A few months ago, I had a conversation with a designer on my team about managing her work. She was subtly hinting to me that she’s overwhelmed with the level of work she’s been handed and is trying to figure out how to manage it. As we went through it to get a better understanding of the work, she half-jokingly mentioned that she felt nervous sharing this with me considering how busy I must be. In comparison, her level of work might seem like nothing, she said. I somewhat missed it at that moment but have been thinking about it more deeply since then.

We often assume that the higher up the “career ladder” you go the more work you have to do. The reality, however, is that it’s different work. The issue with “more work” is that it focuses on activity instead of focusing on productivity. Being busy is a function of time more than anything else, it simply is dependent on the level of activity you’re able to do in a certain amount of time without much attention to the outcome. Many people spend hours in meetings with little to show for it, that’s not leadership, that’s a waste of time.

Leadership, on the other hand, is about managing your time effectively, building the context to make informed and sometimes difficult decisions that you’ll be accountable for, and having influence in the areas where you can make the most impact on people, process, and product. It’s about enabling others around you to be more productive and to do their best work. Being busy on its own is simply detrimental to your mission, if anything.

As I thought more about it, I started thinking a bit more of ways to be more open about the work I do so it’s not invisible from the team I lead. I believe sharing a summary of my work or where I am focusing is beneficial because it increases transparency and allows people to think a bit deeper about the priorities I am setting for myself in the context of the priorities I’ve outlined in my OKRs. Doing so increases my accountability to the team. In addition, being clear about the process allows me to get more honest feedback from the team and hopefully makes me more approachable knowing the types of things I am focusing on.

But wait, where am I spending my time?

Here’s the thing though, as I started thinking about this, I started thinking if I am actually clear on where I am spending my time. I have priorities that I start a quarter, a month, and a week planning to achieve. I do measure the outcome of these priorities every week, month, and quarter. That said, it isn’t clear how much time am I spending on achieving each priority.

How much time am I spending on achieving the outcome is important to help me figure out how productive am I in each of the areas I am focusing on and how much work am I delegating to my team.

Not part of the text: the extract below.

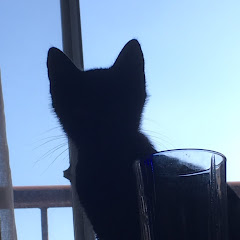 黒猫のあるじ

To do so, I started actually measuring where I spend my time. I divided it into four core priority areas matching our three outlined priorities this year in addition to a cost of doing business category:

  1. One experience-led VMware: this focuses on the time I am spending on end to end story reviews. It also focuses on working with cross-functional teams to bring an experience-led process, and on the time I am spending with the leadership team in bringing end to end experiences to focus instead of focusing on feature or product-specific roadmaps.
  2. One continued focus on user insights: this is focused on the work and discussions we’re having with customers and on the work we’re doing to get the design team itself closer to customer.
  3. One global, empowered, and inclusive team: this is focused on the work and discussions we’re having to build a better, stronger, and more inclusive team.
  4. Cost of doing business: these are the meetings and discussions that I have to be in but don’t really fall under the stated priorities above. Think of all hands meetings across the company, advice to individuals and teams outside of the three priorities above, and more.

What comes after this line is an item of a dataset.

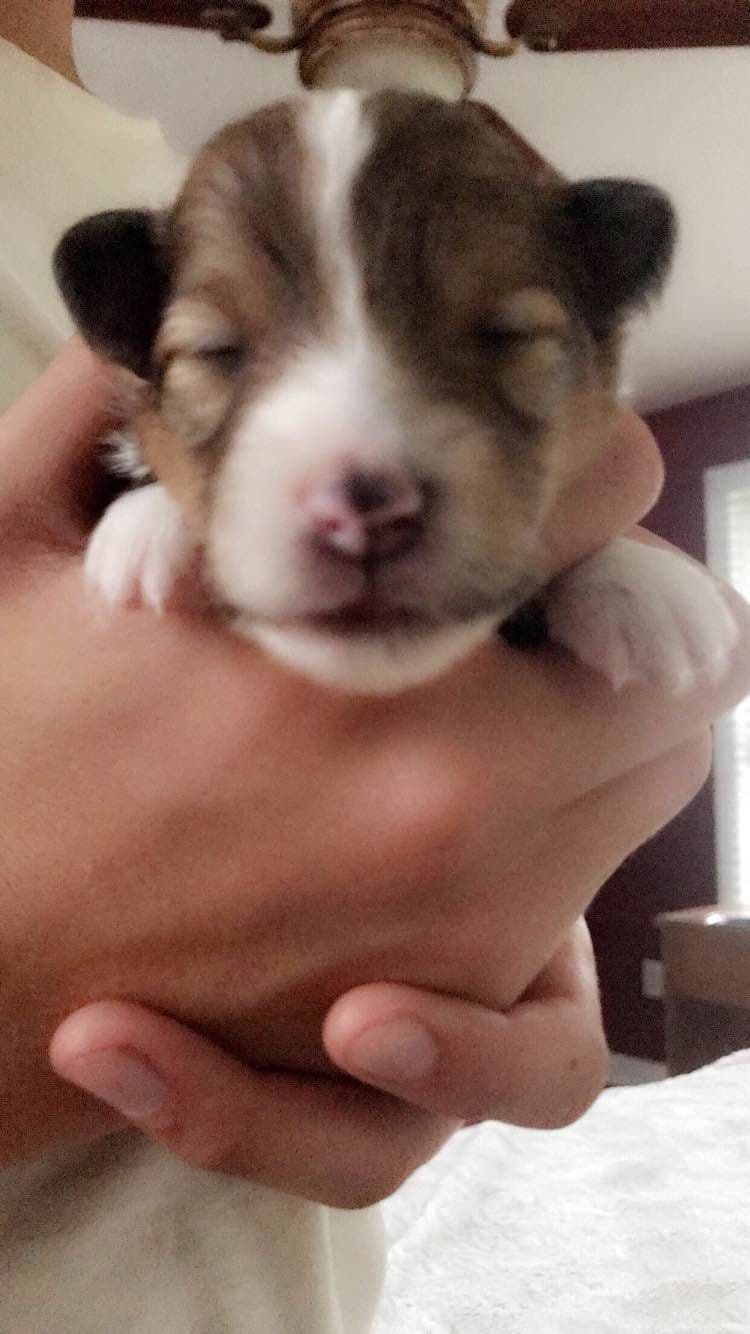 Shetland Sheepdog Puppies breeder image 4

To measure time spent in each of these categories, I used a quick notes app and my calendar. The tool itself didn’t work very well but it was enough to get an overall understanding. Categorizing my meetings was a good easy first step. It was difficult to measure the rest of activities I do on daily basis. Walking around chatting with team members, ad-hoc conversations that I engaged in, thinking and writing sessions that help me make decisions on top priorities, and more. Getting a real understanding of time spent was actually a difficult experience.

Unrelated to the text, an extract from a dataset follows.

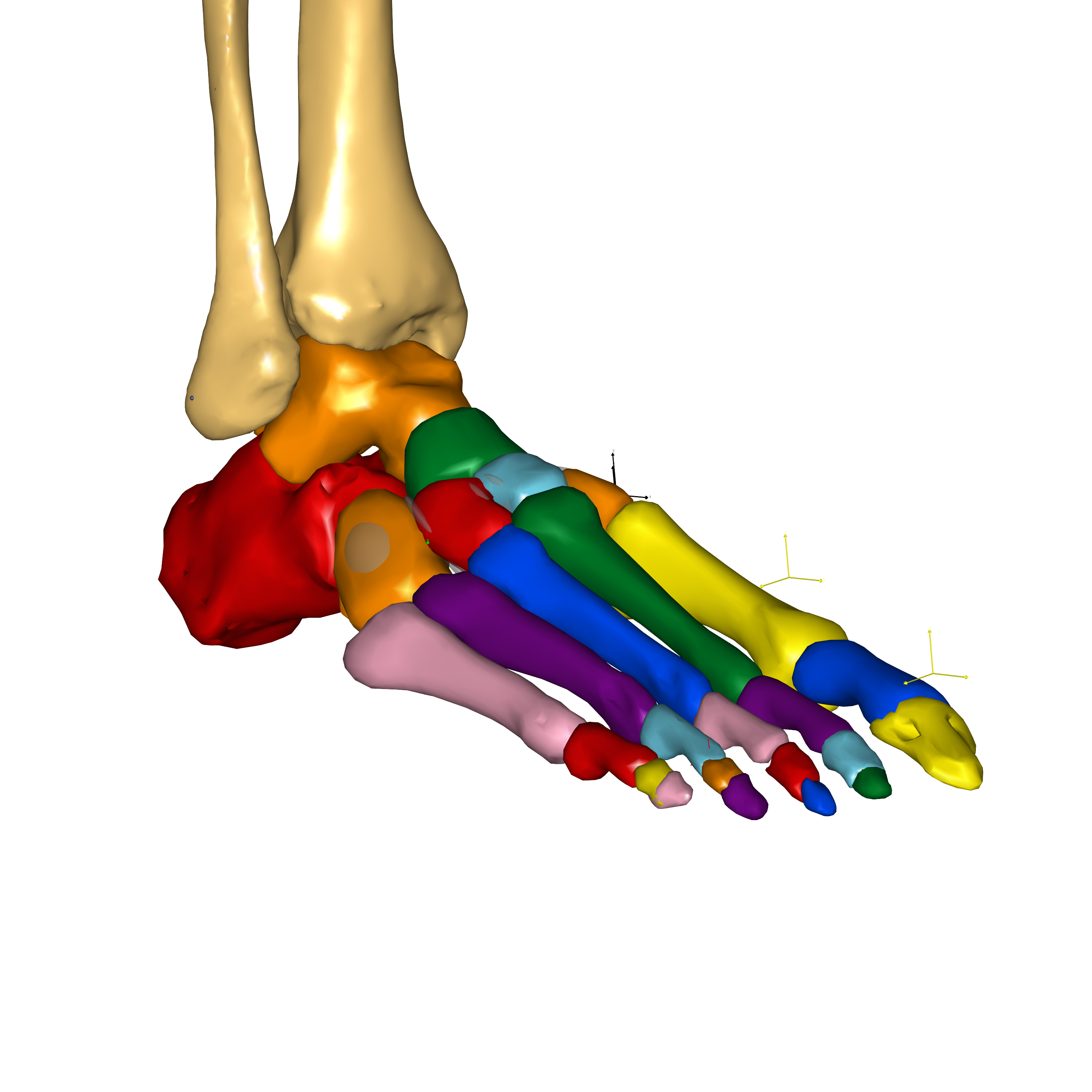 ../_images/FootDetailedGM_closeup.png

That said, the overall time I counted was enough to get me a better understanding of my time.

I have yet to share this internally in a good format and I am still figuring out how to do so, but the whole experience has been beneficial to me and people who I have shared this with. It has helped me prioritize my time in a way that matches my outlined team priorities and balances the focus between the short term and the long term value.

My goal has generally been to lower my cost of doing business and figure out how to spend more balanced time across the board. I’ve also been using this as a way of figuring out which priority is falling behind by figuring out where am I spending my time cumulatively every month. It’s also been helping me in delegating more in areas where I am obviously not doing an excellent job of delegating.